▶ _INSTRUCTIONS FOR THE TASK_: Search term "White": copy each line of the records that contains it.

[Source records]

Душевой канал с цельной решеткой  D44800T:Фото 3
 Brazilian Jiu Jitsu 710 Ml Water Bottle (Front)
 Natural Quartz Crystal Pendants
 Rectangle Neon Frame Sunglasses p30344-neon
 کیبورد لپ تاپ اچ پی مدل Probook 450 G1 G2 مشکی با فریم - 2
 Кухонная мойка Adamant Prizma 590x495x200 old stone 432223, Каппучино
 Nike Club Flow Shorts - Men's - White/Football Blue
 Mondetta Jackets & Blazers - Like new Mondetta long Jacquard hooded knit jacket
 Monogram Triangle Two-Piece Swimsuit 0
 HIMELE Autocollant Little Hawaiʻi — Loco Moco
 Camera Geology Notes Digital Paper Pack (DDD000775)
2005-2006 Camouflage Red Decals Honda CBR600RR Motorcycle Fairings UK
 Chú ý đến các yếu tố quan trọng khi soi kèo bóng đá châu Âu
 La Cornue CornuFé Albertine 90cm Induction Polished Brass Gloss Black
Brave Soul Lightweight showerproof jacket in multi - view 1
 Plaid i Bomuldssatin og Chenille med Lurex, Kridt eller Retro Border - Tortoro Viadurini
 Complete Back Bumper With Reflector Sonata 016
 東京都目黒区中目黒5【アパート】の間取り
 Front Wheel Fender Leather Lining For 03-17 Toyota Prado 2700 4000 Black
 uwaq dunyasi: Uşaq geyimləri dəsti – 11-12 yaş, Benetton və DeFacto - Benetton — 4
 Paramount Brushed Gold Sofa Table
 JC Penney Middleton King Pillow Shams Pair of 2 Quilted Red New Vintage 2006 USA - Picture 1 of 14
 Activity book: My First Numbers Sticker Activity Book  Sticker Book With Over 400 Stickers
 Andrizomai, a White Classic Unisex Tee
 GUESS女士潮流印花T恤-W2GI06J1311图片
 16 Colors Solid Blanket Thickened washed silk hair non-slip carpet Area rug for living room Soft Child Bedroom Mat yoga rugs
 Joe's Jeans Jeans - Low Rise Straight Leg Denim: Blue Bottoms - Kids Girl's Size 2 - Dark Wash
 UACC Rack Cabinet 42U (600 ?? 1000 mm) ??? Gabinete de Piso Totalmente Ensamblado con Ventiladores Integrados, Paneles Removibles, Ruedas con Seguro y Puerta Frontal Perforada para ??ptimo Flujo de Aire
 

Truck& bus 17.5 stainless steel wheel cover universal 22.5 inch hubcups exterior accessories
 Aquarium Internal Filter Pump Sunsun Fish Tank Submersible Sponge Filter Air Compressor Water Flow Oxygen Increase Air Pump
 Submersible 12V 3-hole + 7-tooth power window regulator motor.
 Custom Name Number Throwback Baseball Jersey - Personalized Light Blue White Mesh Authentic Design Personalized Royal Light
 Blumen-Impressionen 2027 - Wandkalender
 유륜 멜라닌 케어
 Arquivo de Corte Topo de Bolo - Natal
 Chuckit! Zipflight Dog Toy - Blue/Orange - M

▶ _OUTPUT FOR THIS EXERCISE_:
 Nike Club Flow Shorts - Men's - White/Football Blue
 Andrizomai, a White Classic Unisex Tee
 Custom Name Number Throwback Baseball Jersey - Personalized Light Blue White Mesh Authentic Design Personalized Royal Light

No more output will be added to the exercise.